Every organization I have had the pleasure of working for has run, at the bare minimum, a criminal background check. Yet, the consensus amongst some HR professionals is that criminal checks are superfluous and reference checks are sufficient when verifying information. This logic ascribes a great deal of trust to the candidate. In the same way, an insurance company would not trust a prospective client to run their own driver’s abstract, why would an employer consider references provided by a candidate to be fraud proof.
A few hiring managers have made the argument that they can verify references through LinkedIn or Google to ensure these contacts are indeed whom they say they are. For the most part, a candidate will supply the prospective employer with the reference’s name, email and phone number. LinkedIn and Google can only verify that the person works for the said company and for how long they are been there. What failsafe is there in place to verify that the phone number provided is for the candidate’s former/current supervisor?

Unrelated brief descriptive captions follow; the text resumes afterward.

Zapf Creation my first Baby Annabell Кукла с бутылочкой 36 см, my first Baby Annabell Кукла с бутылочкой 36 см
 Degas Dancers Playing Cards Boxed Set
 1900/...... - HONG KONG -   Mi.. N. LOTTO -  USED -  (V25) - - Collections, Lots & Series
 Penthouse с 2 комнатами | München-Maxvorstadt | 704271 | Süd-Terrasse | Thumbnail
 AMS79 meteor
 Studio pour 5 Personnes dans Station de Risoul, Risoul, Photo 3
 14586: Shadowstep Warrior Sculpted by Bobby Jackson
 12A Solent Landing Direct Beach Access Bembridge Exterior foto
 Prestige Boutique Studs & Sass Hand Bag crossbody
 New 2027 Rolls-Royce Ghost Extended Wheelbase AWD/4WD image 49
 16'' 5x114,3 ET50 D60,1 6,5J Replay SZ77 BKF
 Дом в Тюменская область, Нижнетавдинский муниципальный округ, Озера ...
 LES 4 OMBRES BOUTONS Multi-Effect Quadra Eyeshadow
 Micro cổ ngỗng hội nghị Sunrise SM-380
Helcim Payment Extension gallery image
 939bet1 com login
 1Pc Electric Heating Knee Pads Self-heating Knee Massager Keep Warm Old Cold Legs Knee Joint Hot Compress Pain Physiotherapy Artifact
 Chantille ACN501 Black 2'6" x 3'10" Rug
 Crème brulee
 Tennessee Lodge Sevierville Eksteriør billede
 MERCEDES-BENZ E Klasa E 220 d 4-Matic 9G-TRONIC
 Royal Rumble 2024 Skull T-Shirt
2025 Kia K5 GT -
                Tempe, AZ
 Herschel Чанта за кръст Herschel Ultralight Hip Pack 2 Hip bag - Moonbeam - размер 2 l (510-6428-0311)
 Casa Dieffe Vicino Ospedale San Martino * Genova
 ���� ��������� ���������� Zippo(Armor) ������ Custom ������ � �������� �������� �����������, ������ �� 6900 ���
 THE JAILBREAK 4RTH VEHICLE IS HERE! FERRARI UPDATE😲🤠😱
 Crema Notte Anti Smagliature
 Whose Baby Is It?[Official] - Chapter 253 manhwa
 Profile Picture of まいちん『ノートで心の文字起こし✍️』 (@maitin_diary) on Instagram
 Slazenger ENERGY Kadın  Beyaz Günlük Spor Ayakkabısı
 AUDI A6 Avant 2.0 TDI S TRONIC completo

Depending solely on reference checks places an enormous amount of trust on candidates – it puts the onus for mitigating risk on an external candidate, instead of on the prospective employer. This process assumes that every piece of information the applicant provides is entirely honest and accurate. If this is true, HR should simply hire individuals based on their gut instincts. If the purpose of reference checks is to validate through an objective third party that the candidate is whom they say they are, not a threat to the safety of the prospective employer, and the caliber of their work is in fact up to par – does a reference check ensure all these points?
Canada is an employee-centric culture and the default is to respect the privacy of employees, to be sensitive to their rights, and to trust them until proven otherwise – these are all worthy and admirable staples of our society. However, fraud does exist, employees do fail to disclose information, and candidates do provide fraudulent references. There are employees currently in the workforce with undisclosed criminal records. Wouldn’t you want to know? If the answer is yes, criminal background checks should be the first stop in your screening process.